Demande de réparation
« Au niveau des COP, est-ce qu’il ne faudrait pas que les pays africains parlent d’une seule voix pour donner plus de force à l’agroécologie ? » À cette question, Khaita Sylla rétorque : « Absolument ! Pas seulement au niveau des COP, mais également sur toutes les questions au niveau international. Nous avons l’impression que l’Afrique est toujours au banc des spectateurs. Nous avons vu comment la crise financière mondiale est en train d’affecter le monde. Les Européens sont obligés de s’adapter par rapport à ce qui se passe aux États-Unis. Mais en Afrique, nous ne voyons pas le leadership nécessaire pour avoir une voix africaine afin d’adresser ces questions. Et la question du climat en est une.
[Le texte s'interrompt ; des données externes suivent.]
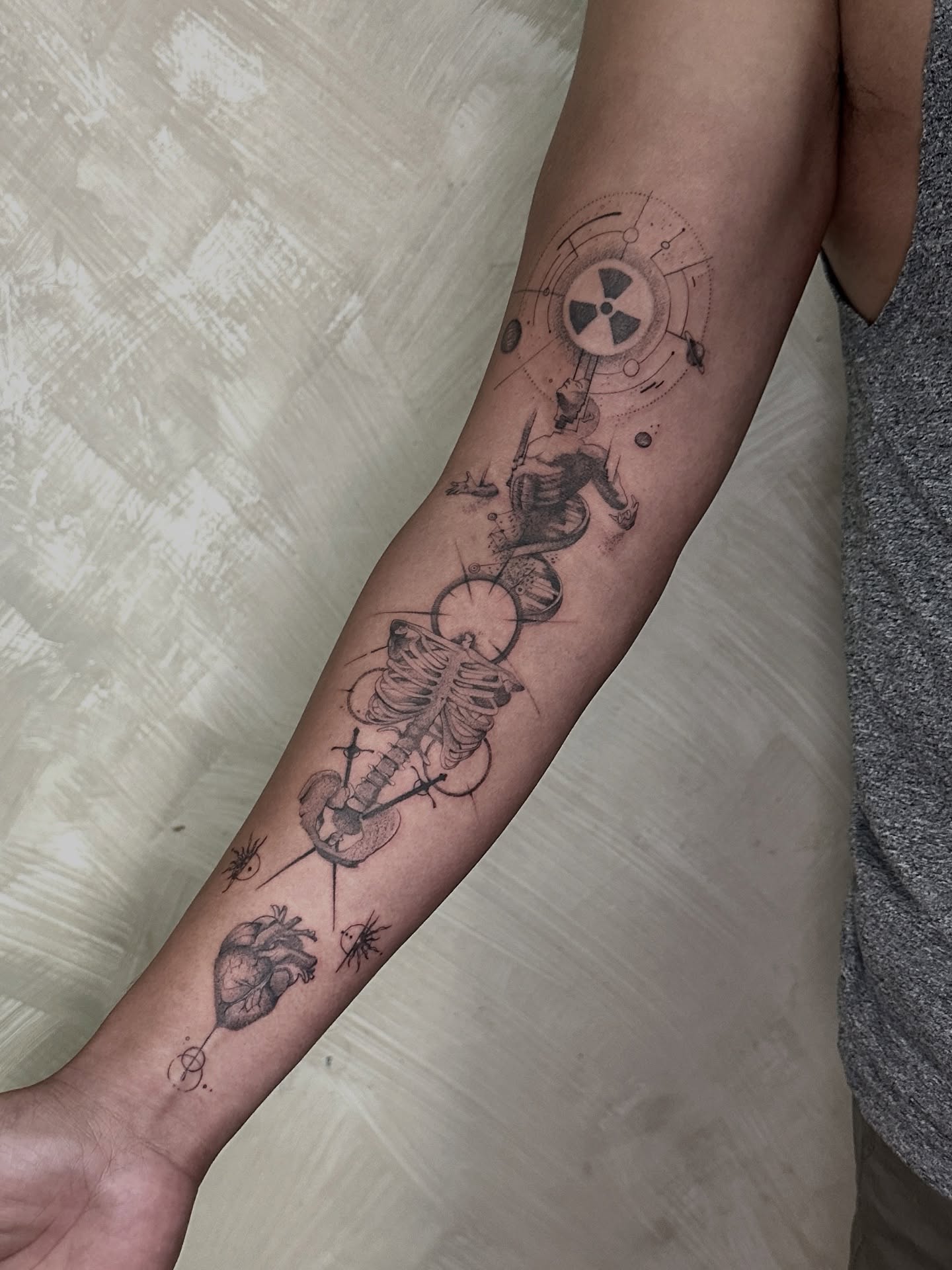 Medical imagery realism tattoo on the forearm by Arhem Quiambao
Donc, je crois, comme vous l’avez dit, qu’il est important que les pays africains soient ensemble et aient un même discours par rapport à la justice climatique. »
Elle souligne qu’il s’agit de justice. En effet, elle explique que ce sont les pays riches qui polluent pendant que les autres subissent. « Les pays du Nord nous doivent beaucoup de réparations. D’ailleurs, cette année, l’Union africaine a déclaré l’année 2025 comme année de la réparation », soutient Mme Sylla. Elle parle de réparation par rapport aux injustices passées, comme l’esclavage et la colonisation, mais aussi les « injustices actuelles », notamment la question climatique. « Ils continuent de polluer. Donc, ils nous doivent beaucoup d’argent. Ils nous doivent bien plus que nous ne leur devons. Il est important que l’Afrique parle d’une seule voix pour adresser ces questions qui interpellent le continent », a-t-elle soutenu, demandant aux pays riches d’arrêter de réclamer le paiement de la dette.
Au-delà de la marche, un certain nombre d’activités ont été organisées : des panels sur les questions climatiques, tout en intégrant les questions de genre et de jeunesse. Des jeunes ont été formés sur le fonctionnement du budget. L’objectif est de les sensibiliser aux politiques fiscales, mais aussi de leur donner les outils nécessaires pour réclamer plus de justice budgétaire auprès de leurs élus.
« Une cinquantaine de jeunes ont participé à cette formation. Depuis notre présence au Sénégal, nous avons mis en place des clubs de jeunes : les clubs Activista et les Global Platform. Ce sont ces jeunes des clubs que nous avons formés. Activista existe dans tous les pays où ActionAid est présent. Les Global Platform sont des plateformes où des jeunes d’Afrique et du monde se retrouvent pour discuter des questions qui concernent l’Afrique. À travers les clubs Activista, nous avons des antennes dans toutes les régions du Sénégal… », indique Khaita Sylla.